Entry Date:
August 27, 2015

Glaciers in Greenland


Researchers are studying past and present ice sheets in Greenland to determine relationships with ocean circulation and climate.

Greenland is a source of major uncertainty in projections of global sea level rise over the coming decades and centuries. The largest island in the world, it contains enough grounded ice to raise global mean sea level by roughly seven meters, if it were to melt entirely—with world-wide impacts. Although experts think this is unlikely, recent observations of unexpected accelerating, thinning, and retreating of glaciers near Greenland’s marine margins have raised concerns.
The Ocean as a Trigger of Melting

An obvious mechanism for Greenland ice sheet melt is polar-amplified warming and resulting surface melting. This leads to extended melt areas, reduced snow cover, and changed ice micro-structure, all acting to reduce Greenland’s reflectivity, thus accelerating warming.

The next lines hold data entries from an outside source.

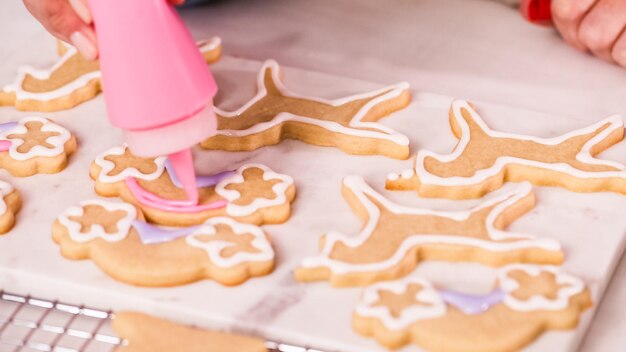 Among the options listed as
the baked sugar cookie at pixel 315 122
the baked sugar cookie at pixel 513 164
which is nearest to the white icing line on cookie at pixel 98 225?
the baked sugar cookie at pixel 315 122

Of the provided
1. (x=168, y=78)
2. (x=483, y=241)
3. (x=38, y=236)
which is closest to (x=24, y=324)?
(x=38, y=236)

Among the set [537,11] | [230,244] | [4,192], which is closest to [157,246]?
[230,244]

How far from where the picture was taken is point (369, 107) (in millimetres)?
867

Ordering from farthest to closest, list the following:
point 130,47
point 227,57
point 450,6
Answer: point 450,6
point 227,57
point 130,47

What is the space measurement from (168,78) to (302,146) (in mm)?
208

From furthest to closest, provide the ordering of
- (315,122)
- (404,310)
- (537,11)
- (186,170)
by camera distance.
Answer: (537,11) → (315,122) → (186,170) → (404,310)

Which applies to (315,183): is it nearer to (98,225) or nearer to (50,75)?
(98,225)

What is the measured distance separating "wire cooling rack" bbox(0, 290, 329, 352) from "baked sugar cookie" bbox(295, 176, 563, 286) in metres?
0.07

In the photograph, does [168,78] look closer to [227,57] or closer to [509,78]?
[227,57]

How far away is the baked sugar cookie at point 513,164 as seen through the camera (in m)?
0.77

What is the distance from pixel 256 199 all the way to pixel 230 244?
6 cm

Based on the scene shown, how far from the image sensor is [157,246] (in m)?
0.71

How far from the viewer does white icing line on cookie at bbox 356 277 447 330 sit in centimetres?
63

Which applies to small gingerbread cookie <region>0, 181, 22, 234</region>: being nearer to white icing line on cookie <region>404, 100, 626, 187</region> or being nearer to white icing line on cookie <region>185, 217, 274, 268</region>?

The greatest changes are being observed near Greenland’s marine margins, where fjord-terminating glaciers are undergoing much larger changes than land-terminating glaciers. This suggests that the ocean may be a dominant trigger, which is consistent with observed shifts in the circulation of the North Atlantic’s subpolar gyre in concert with decadal changes in the atmospheric circulation. Warmer waters of subtropical origin may have been brought in to contact with the ice sheet through the network of fjords that connect the glacier termini to the continental shelves of the open ocean.

Greenland also sits between several crucial sites of oceanic deep convection, the Labrador Sea to its west, and the Greenland-Iceland-Scotland and Irminger Seas to its east. Deep waters formed in these areas are the source waters for ventilating the deep ocean, transporting with them atmospheric trace gases, such as CO2 or CFCs. An open question is whether increased ice sheet melt might freshen these regions sufficiently, inhibiting convection and affecting equator-to-pole heat transport.